### DATASET EXCERPTS
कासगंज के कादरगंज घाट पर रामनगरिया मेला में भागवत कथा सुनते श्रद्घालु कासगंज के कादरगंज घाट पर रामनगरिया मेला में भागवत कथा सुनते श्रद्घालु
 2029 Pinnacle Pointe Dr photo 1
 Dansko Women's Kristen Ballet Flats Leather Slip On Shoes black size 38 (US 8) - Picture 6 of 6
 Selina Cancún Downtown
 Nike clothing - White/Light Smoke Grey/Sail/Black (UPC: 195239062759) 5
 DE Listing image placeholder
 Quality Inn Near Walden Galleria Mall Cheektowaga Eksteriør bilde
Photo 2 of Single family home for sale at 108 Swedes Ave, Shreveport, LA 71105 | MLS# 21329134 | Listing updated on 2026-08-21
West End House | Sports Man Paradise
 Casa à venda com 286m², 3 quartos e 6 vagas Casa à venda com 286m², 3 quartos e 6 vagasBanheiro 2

### EXERCISE DETAILS
Copy exactly the lines from the top of the entries through the line with "Selina Cancún Downtown" in it, please, keeping both ends and adding nothing.

### EXERCISE SOLUTION
कासगंज के कादरगंज घाट पर रामनगरिया मेला में भागवत कथा सुनते श्रद्घालु कासगंज के कादरगंज घाट पर रामनगरिया मेला में भागवत कथा सुनते श्रद्घालु
 2029 Pinnacle Pointe Dr photo 1
 Dansko Women's Kristen Ballet Flats Leather Slip On Shoes black size 38 (US 8) - Picture 6 of 6
 Selina Cancún Downtown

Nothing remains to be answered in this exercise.